#### Task material ####

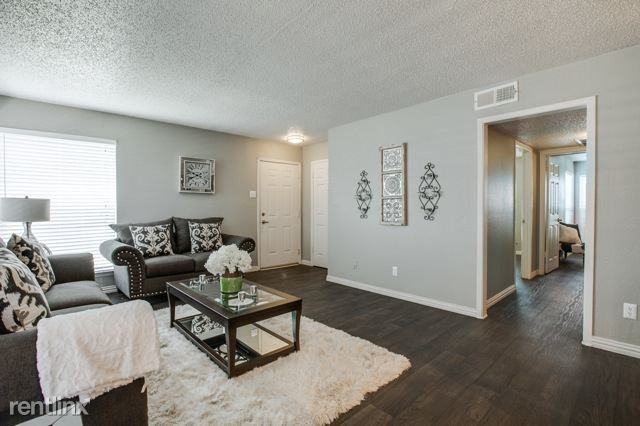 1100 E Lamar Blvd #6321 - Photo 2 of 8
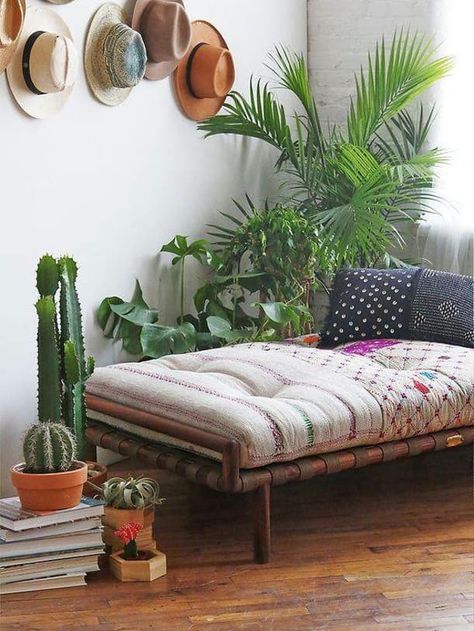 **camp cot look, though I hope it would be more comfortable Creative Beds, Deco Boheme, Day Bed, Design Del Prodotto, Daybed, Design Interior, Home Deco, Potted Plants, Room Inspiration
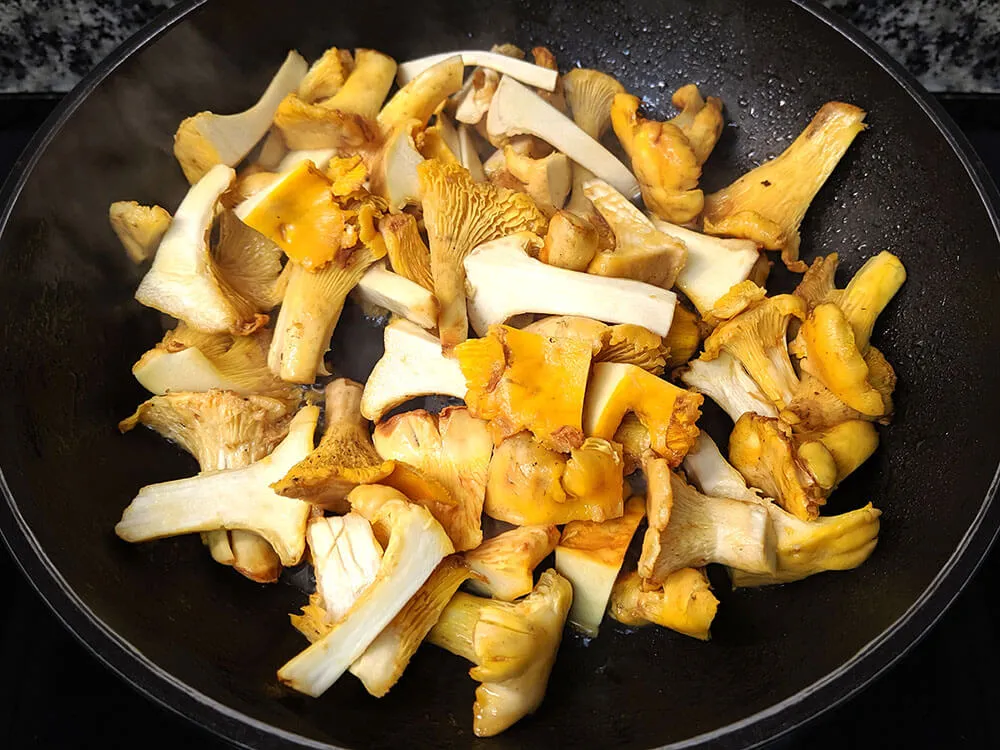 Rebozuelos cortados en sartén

####
#### Task material ####

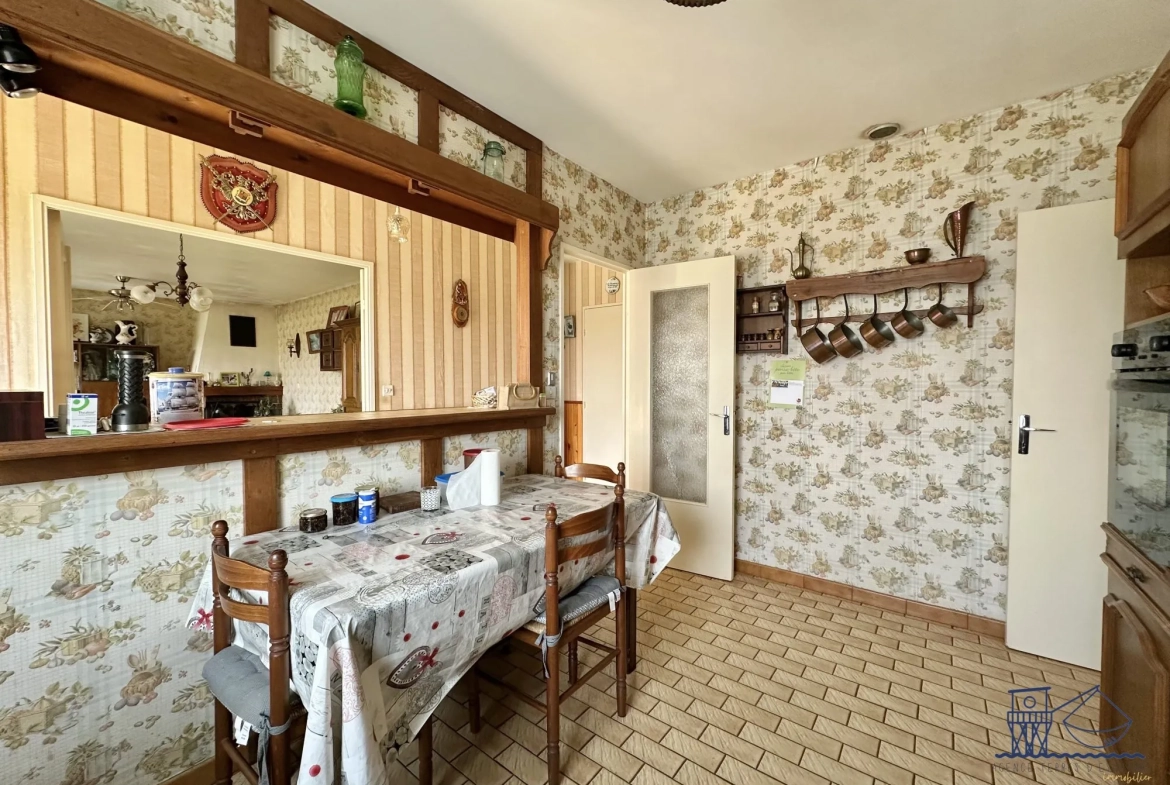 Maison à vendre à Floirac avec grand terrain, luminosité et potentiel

####
#### Task material ####

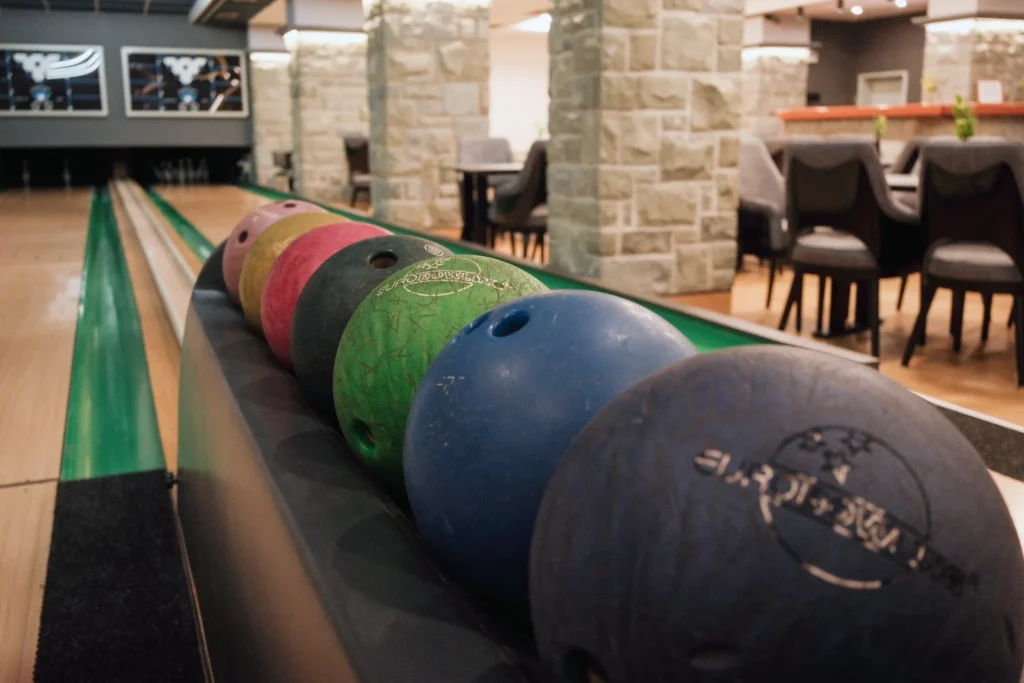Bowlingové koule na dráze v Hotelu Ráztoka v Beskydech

####

[Prompt]: The copy should hold only the lines from the one with "Plants, Room Inspiration" through the one with "Rebozuelos cortados en sartén", exactly as they stand above. Leave out the pictures.

[Solution for this problem]:
 **camp cot look, though I hope it would be more comfortable Creative Beds, Deco Boheme, Day Bed, Design Del Prodotto, Daybed, Design Interior, Home Deco, Potted Plants, Room Inspiration
 Rebozuelos cortados en sartén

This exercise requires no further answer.